Data records Start Marker

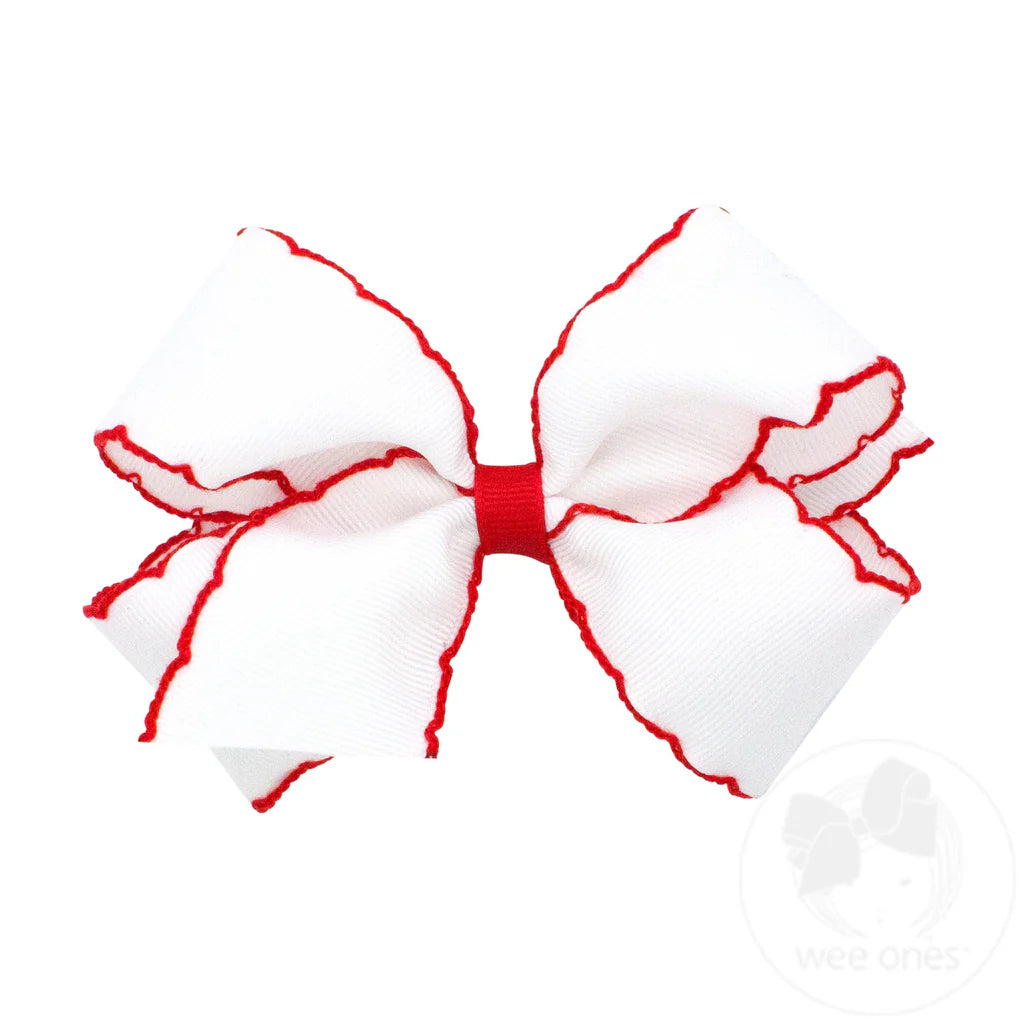 Med Moonstitch Bow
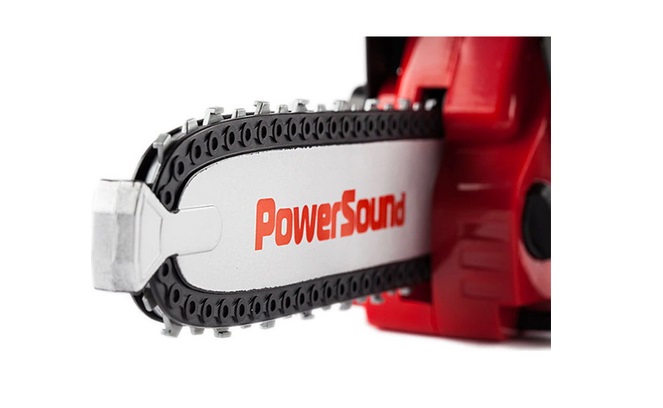 Drujba de jucarie pentru copii cu sunet si lant miscator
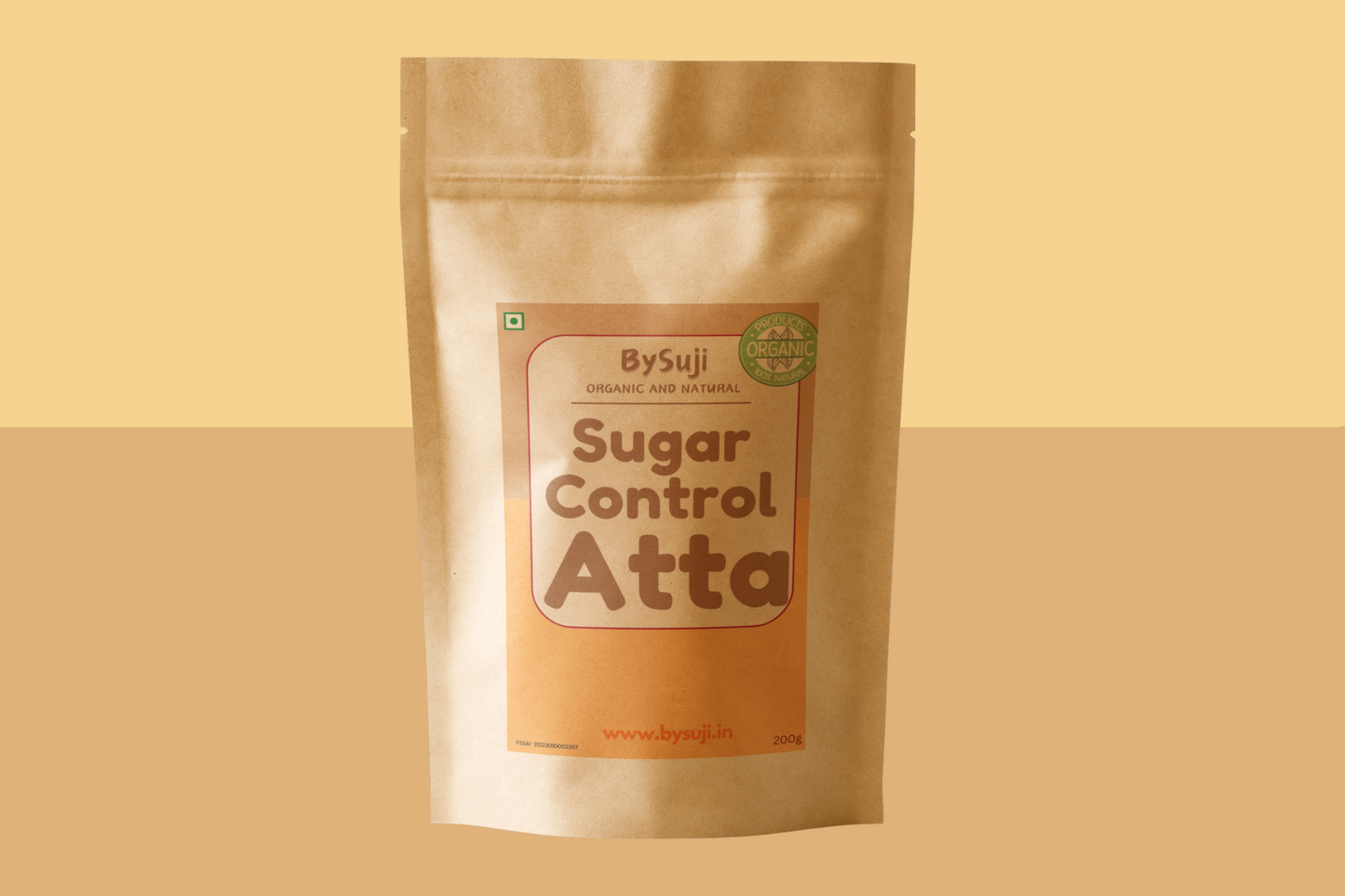 Sugar Control Atta - 1KG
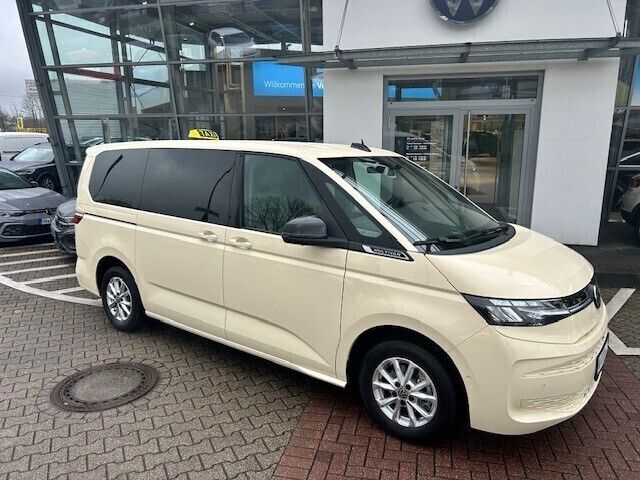 Hellelfenbein r1015 Neu 2025 VW Multivan Life Van | 59.990 € - Bild 1/3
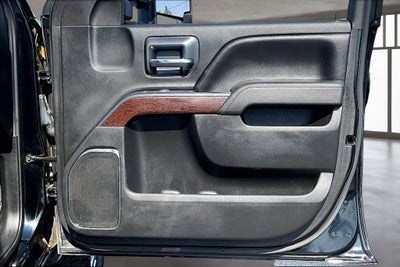 2015 GMC Sierra 2500HD SLT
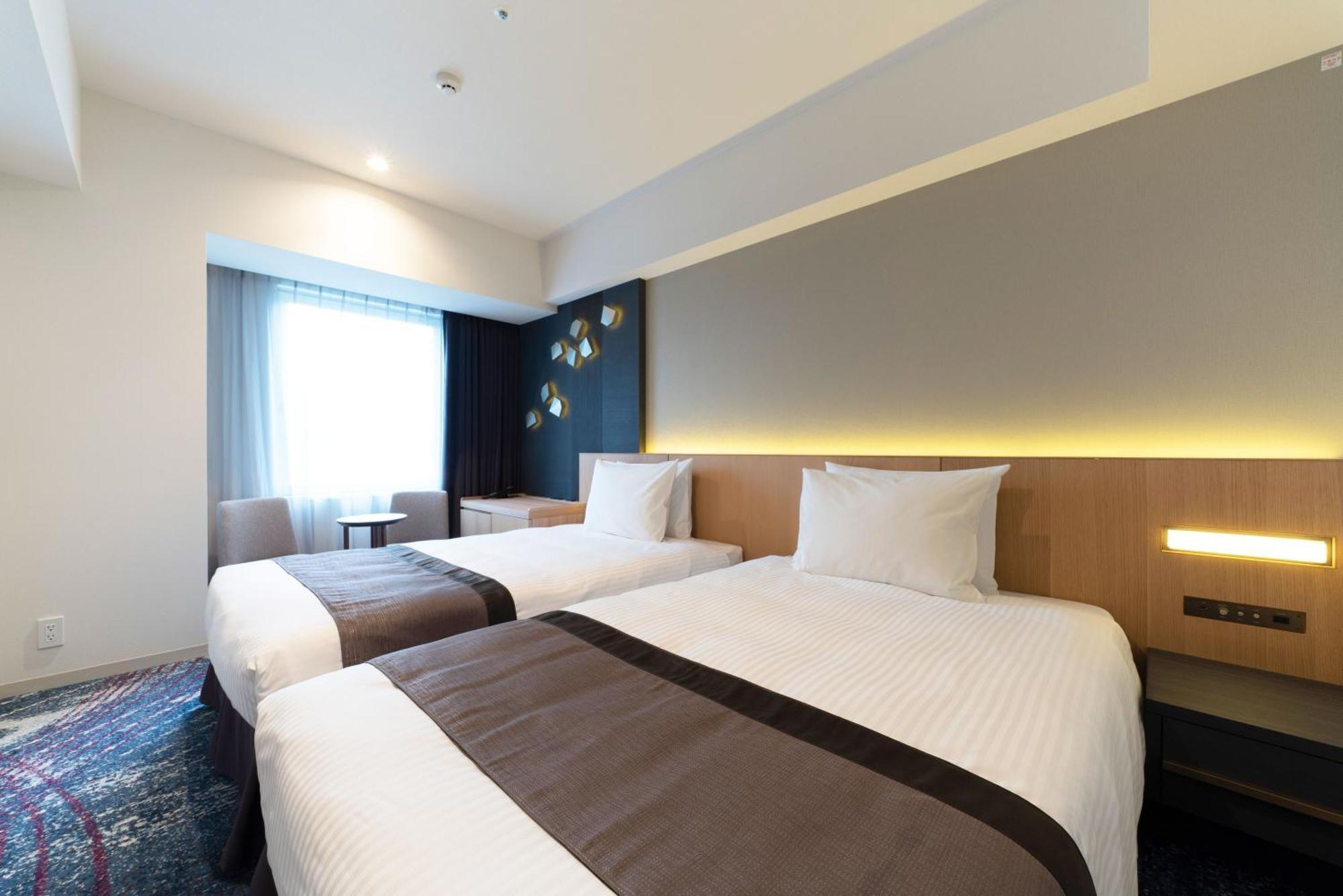 Hotel Jal City Nagoya Nishiki Экстерьер фото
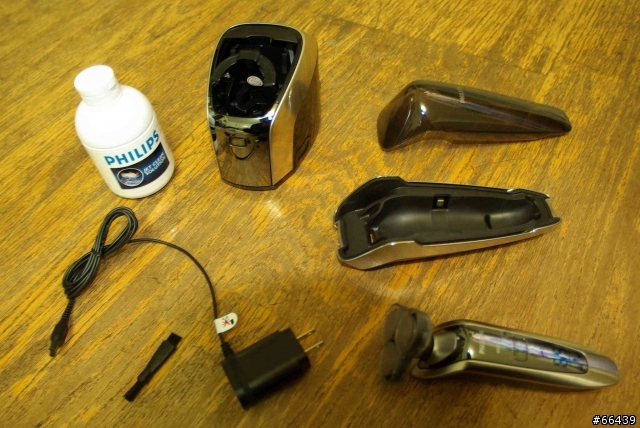 [開箱]王者再臨 之  PHILIPS 新世代旗艦級 刮鬍刀 RQ1095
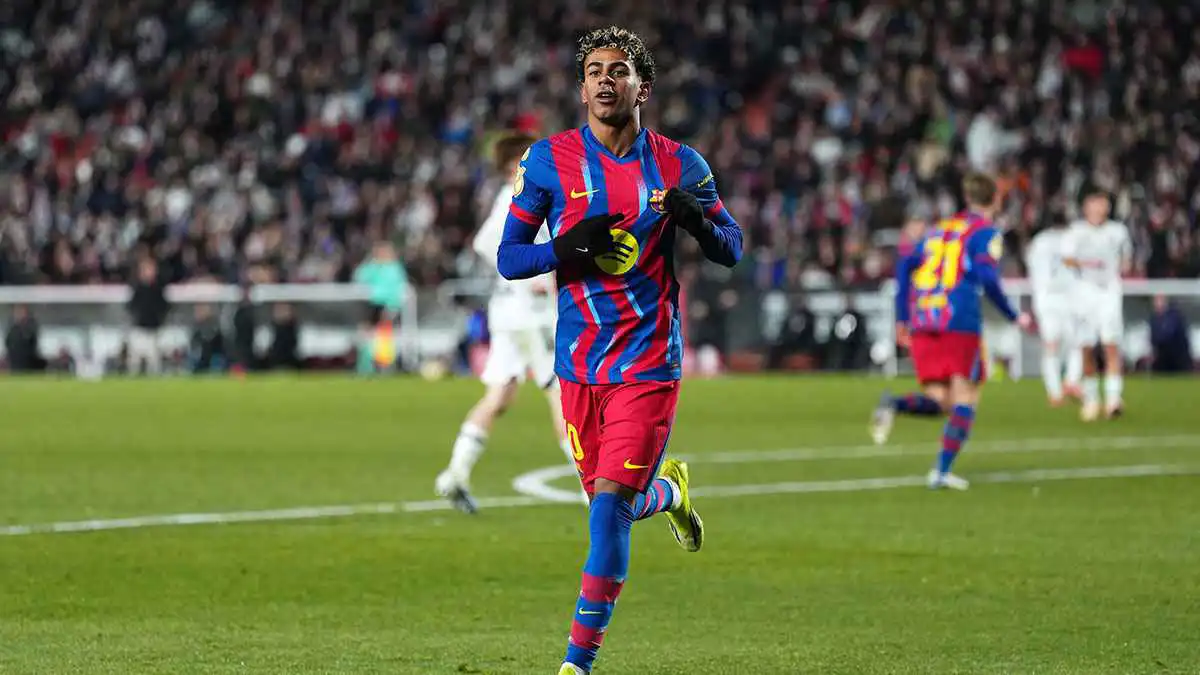 بث مباشر لمباراة برشلونة ضد ألباسيتي في كأس ملك إسبانيا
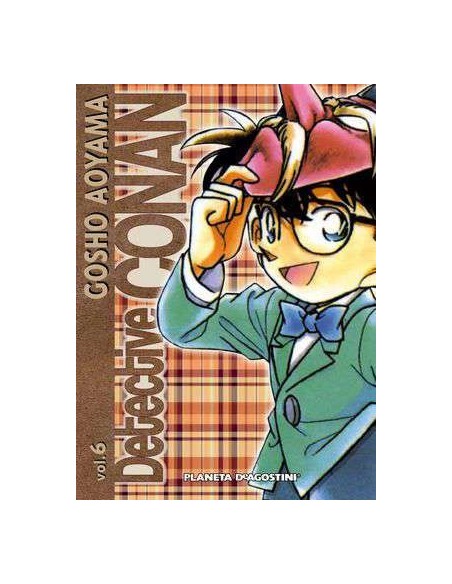 Detective Conan (Nueva Edición) 06
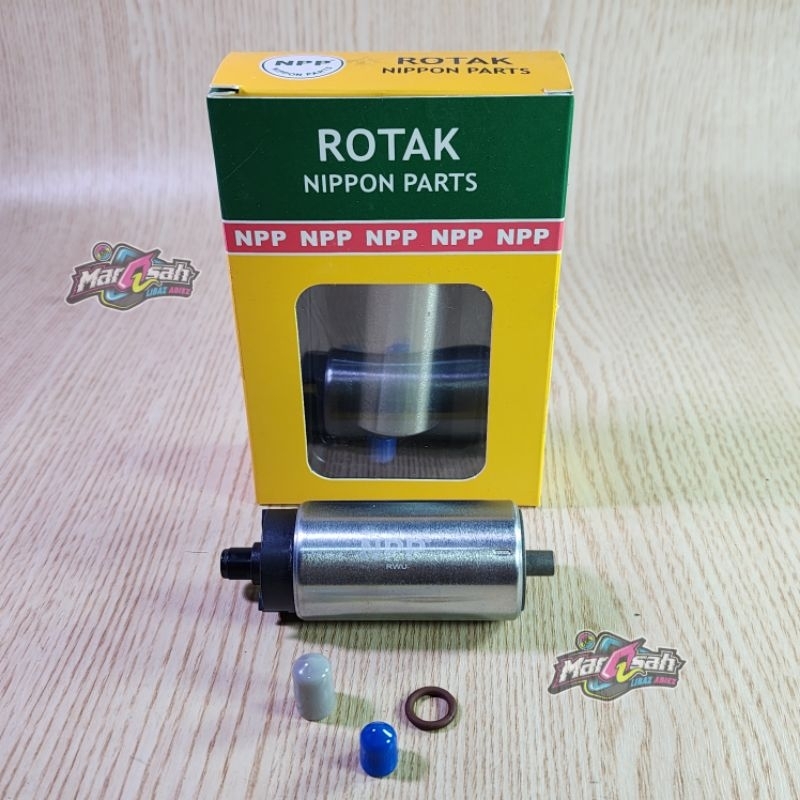 Rotak beat pop 42100-k4600 NPP Rotak honda beat pop Npp Original
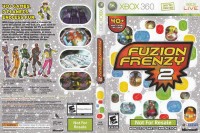 Fuzion Frenzy 2 - Xbox 360 | VideoGameX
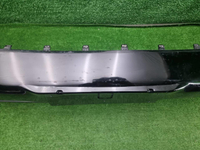 Бампер передний Haval H9 2 (2024-н.в.)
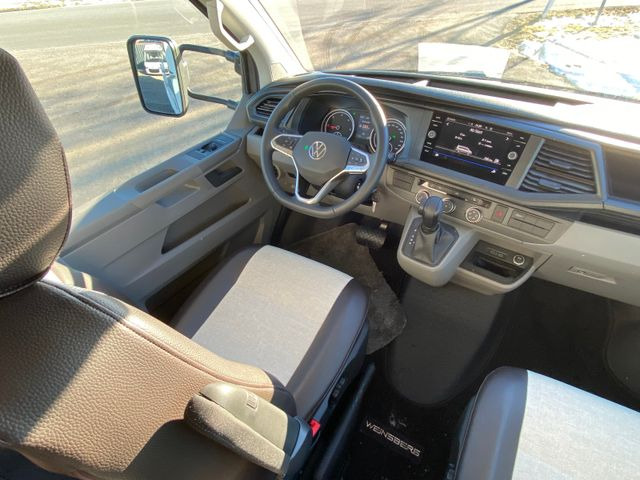 Mobil rumah semi-terintegrasi baru Weinsberg X-Cursion Van Edition 500 LT,  Automatik,AHK: gambar 13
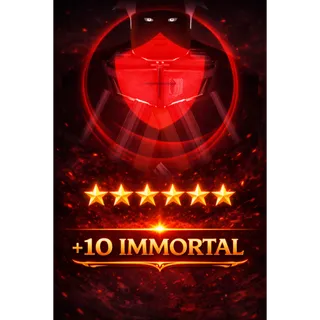 +10 IMMORTAL | MYTHICAL PERK - Attack On Titan Revolution (AOTR) - Fast Delivery ⚡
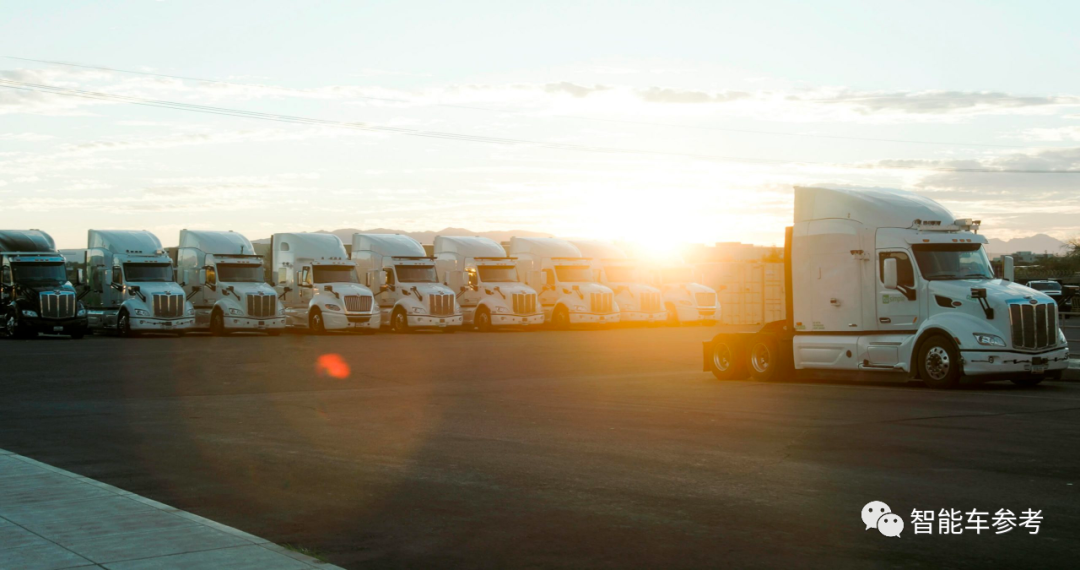 卡车版NOA来了！图森L4技术降维L2L3，英伟达Orin域控制器即插即用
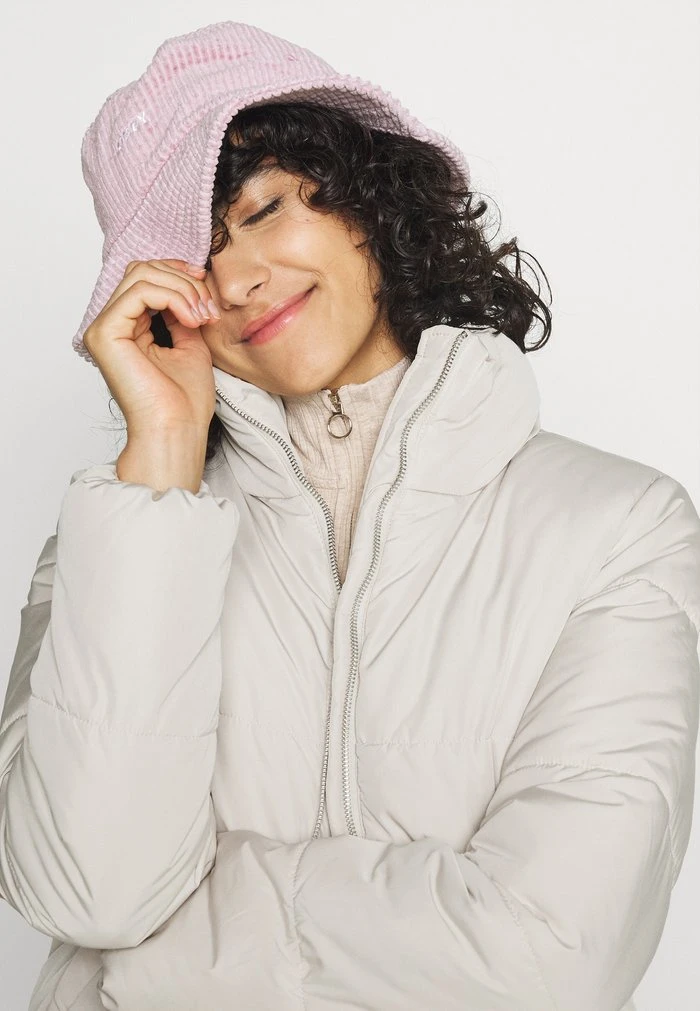 JDYNEWERICA SHORT PADDED JACKET - Veste D'hiver - Moonbeam 4 JDYNEWERICA SHORT PADDED JACKET - Veste D'hiver - Moonbeam – Image 4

Data records End Marker

(Exercise directions) Quote the records above exactly, from the first line through the line containing "Mobil rumah semi-terintegrasi", and leave out the pictures.

(Response)
 Med Moonstitch Bow
 Drujba de jucarie pentru copii cu sunet si lant miscator
 Sugar Control Atta - 1KG
 Hellelfenbein r1015 Neu 2025 VW Multivan Life Van | 59.990 € - Bild 1/3
 2015 GMC Sierra 2500HD SLT
 Hotel Jal City Nagoya Nishiki Экстерьер фото
 [開箱]王者再臨 之  PHILIPS 新世代旗艦級 刮鬍刀 RQ1095
 بث مباشر لمباراة برشلونة ضد ألباسيتي في كأس ملك إسبانيا
 Detective Conan (Nueva Edición) 06
 Rotak beat pop 42100-k4600 NPP Rotak honda beat pop Npp Original
 Fuzion Frenzy 2 - Xbox 360 | VideoGameX
 Бампер передний Haval H9 2 (2024-н.в.)
 Mobil rumah semi-terintegrasi baru Weinsberg X-Cursion Van Edition 500 LT,  Automatik,AHK: gambar 13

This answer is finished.